The lights in the data center go red at 2:14 a.m. Your phone buzzes. You are the on‑call engineer staring at an alert fired from Domino Data Lab’s compute cluster. PagerDuty is already calling, routing, and escalating before the logs finish syncing. That is what controlled chaos looks like when managed well.
Domino Data Lab powers serious ML workloads: model training, experiment tracking, reproducible notebooks. PagerDuty orchestrates human response to machine trouble. Together they turn “what just broke?” into “who already owns it?” with less coffee spilled in between. Integration isn’t just convenience.

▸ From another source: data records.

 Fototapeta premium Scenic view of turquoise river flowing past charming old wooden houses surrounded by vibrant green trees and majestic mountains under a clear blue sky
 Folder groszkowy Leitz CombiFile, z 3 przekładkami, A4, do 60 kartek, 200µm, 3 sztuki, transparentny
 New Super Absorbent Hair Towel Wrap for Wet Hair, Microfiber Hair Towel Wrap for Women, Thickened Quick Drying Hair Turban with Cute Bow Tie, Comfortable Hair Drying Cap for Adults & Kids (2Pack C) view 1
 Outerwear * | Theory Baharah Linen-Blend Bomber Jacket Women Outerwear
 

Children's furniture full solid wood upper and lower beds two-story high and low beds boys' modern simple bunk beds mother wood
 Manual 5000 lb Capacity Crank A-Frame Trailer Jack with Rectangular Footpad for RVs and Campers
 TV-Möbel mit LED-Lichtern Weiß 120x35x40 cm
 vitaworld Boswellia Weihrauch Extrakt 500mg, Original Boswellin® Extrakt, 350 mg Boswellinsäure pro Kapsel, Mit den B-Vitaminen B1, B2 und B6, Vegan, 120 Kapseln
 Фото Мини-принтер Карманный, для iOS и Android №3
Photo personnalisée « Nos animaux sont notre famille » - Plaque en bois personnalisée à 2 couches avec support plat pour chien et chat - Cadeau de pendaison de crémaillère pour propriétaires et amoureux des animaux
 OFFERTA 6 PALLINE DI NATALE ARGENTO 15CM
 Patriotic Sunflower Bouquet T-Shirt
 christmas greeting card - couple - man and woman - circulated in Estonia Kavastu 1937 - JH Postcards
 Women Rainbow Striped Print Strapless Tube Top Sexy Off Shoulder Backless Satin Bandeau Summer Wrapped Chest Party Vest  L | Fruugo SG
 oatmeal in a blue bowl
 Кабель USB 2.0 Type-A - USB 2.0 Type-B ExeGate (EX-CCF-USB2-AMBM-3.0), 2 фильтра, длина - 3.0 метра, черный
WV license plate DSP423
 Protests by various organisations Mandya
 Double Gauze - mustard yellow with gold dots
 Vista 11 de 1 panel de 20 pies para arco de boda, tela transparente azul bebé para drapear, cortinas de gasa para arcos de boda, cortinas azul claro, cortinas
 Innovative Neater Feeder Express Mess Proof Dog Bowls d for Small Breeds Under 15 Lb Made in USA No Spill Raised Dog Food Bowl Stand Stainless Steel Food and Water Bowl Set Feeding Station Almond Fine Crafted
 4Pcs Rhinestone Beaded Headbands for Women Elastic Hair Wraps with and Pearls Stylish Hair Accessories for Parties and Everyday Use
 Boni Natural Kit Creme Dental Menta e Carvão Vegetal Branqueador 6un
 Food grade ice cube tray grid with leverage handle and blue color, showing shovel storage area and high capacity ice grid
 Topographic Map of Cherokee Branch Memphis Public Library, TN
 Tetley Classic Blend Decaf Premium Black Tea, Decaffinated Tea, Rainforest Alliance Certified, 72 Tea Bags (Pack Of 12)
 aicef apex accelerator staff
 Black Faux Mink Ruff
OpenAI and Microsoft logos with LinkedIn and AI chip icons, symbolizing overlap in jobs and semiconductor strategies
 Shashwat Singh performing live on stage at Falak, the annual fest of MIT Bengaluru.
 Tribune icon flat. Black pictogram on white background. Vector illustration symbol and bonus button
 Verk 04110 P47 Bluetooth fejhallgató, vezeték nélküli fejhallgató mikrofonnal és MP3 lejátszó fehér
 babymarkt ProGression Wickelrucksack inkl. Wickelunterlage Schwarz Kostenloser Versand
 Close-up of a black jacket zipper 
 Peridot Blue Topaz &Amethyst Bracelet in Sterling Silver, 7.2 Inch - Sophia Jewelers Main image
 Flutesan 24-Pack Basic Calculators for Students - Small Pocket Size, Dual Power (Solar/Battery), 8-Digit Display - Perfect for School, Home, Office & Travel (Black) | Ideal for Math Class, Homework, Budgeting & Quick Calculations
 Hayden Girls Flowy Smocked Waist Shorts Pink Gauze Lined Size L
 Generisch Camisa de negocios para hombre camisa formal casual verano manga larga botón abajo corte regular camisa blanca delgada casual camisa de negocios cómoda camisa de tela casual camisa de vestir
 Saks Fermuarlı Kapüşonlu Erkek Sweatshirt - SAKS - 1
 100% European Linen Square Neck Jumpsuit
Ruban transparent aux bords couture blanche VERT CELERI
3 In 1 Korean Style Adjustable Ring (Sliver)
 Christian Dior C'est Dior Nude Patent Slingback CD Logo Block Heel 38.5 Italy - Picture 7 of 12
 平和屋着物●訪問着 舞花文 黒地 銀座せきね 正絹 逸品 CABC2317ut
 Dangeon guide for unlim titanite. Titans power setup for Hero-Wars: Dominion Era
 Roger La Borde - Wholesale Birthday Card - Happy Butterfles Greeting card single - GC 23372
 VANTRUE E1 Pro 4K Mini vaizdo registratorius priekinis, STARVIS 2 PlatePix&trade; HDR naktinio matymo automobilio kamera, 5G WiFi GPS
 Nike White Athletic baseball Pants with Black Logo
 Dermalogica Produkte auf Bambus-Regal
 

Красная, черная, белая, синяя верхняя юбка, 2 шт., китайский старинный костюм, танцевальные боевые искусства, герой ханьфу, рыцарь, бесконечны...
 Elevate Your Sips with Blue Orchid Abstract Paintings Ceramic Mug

It is how teams enforce accountability across sprawling data infrastructure.
At its core, Domino pushes compute jobs, spins up containers, and logs metrics. PagerDuty sits one layer higher, listening for incidents from Domino’s event stream or monitoring tools like Prometheus. When thresholds trip, PagerDuty routes alerts based on schedules, escalation policies, and business impact. The connection is simple: Domino emits, PagerDuty decides, humans react.
How the integration works
Domino Data Lab sends job or node failures through a webhook that PagerDuty consumes. Each event carries metadata such as project, owner, and runtime context. PagerDuty transforms that payload into an incident, applies routing logic, and triggers the appropriate responder channel—Slack, email, or a direct mobile alert. The cycle completes when resolution updates flow back, automatically closing the loop inside Domino’s UI so teams can track mean time to recovery without a spreadsheet audit.
Best practices that keep it sane
Tie PagerDuty service keys to project namespaces, not individuals. Map Domino’s role-based access control (RBAC) directly to PagerDuty escalation paths to preserve the audit trail. Rotate tokens the same way you manage AWS IAM credentials. Keep alert titles structured so responders can parse them at a glance.